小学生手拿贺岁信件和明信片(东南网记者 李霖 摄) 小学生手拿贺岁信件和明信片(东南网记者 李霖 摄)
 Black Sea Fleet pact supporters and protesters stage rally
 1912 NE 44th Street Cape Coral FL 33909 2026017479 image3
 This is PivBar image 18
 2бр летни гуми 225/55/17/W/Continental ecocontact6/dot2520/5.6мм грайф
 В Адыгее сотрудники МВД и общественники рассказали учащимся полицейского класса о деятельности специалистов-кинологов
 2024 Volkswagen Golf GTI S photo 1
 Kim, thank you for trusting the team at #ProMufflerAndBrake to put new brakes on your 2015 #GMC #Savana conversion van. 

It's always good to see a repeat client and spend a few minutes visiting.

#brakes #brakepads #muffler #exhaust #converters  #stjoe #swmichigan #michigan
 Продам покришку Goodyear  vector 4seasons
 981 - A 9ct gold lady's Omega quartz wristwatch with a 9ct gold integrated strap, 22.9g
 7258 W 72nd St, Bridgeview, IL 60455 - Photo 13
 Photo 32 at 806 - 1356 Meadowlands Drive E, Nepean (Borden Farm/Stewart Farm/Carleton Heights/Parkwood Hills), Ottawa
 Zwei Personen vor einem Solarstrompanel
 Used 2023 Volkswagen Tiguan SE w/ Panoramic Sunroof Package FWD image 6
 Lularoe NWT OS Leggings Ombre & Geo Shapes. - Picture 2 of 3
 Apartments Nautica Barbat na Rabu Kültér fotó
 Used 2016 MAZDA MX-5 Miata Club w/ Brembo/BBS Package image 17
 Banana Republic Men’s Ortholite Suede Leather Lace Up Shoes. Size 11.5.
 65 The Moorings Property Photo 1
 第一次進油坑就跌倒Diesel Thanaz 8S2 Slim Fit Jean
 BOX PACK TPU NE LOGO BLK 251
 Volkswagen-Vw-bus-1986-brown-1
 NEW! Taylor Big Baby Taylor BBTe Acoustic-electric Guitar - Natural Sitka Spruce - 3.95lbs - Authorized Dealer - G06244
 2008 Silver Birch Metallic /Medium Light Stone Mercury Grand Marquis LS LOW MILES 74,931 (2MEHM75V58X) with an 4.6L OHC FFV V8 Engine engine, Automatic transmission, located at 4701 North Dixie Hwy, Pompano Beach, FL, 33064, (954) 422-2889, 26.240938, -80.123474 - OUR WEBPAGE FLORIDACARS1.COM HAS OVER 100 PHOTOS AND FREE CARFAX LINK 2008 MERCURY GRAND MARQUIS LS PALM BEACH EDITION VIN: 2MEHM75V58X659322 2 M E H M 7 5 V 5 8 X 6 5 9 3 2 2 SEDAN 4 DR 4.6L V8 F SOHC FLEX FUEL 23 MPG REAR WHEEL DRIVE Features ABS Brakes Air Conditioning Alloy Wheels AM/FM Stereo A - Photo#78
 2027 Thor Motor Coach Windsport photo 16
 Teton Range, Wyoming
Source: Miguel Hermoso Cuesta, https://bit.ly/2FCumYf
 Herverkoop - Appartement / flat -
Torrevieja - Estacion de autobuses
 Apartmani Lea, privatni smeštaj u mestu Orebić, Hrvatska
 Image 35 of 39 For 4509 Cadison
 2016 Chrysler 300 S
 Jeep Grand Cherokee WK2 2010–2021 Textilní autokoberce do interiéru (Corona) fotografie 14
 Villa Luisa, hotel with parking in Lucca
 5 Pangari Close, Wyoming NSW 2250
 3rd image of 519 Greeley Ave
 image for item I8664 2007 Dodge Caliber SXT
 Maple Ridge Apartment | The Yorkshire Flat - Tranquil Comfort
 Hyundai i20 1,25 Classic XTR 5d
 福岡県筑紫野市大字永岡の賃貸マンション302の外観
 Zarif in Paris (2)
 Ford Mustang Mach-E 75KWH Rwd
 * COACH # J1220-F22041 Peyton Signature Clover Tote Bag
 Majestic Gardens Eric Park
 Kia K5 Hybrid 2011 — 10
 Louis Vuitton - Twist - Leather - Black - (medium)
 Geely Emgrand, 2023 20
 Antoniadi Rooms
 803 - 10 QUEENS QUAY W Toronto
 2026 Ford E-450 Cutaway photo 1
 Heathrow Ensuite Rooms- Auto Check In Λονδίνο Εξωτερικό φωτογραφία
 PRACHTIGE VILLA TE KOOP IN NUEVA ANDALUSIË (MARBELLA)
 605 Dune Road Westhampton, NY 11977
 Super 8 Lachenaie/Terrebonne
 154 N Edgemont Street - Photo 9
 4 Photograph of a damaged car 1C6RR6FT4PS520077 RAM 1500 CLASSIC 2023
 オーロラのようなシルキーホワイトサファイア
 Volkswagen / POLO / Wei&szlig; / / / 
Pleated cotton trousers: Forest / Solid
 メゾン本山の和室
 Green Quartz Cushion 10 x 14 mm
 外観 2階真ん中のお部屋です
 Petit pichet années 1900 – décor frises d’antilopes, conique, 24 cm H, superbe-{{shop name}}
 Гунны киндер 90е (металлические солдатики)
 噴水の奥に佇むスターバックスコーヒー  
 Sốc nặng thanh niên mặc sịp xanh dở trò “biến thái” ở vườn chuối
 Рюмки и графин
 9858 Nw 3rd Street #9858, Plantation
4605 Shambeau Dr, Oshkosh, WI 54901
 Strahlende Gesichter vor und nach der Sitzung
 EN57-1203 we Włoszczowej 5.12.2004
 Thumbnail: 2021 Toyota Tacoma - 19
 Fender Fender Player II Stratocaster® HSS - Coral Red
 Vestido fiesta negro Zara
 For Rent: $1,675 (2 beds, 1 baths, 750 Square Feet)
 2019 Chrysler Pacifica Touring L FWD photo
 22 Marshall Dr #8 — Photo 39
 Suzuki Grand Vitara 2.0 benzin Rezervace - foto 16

Instructions to follow: Would you please repeat exactly the lines above, starting at the line with "Banana Republic Men’s" and stopping at the line with "Volkswagen-Vw-bus-1986-brown-1", both included?

Written response:
 Banana Republic Men’s Ortholite Suede Leather Lace Up Shoes. Size 11.5.
 65 The Moorings Property Photo 1
 第一次進油坑就跌倒Diesel Thanaz 8S2 Slim Fit Jean
 BOX PACK TPU NE LOGO BLK 251
 Volkswagen-Vw-bus-1986-brown-1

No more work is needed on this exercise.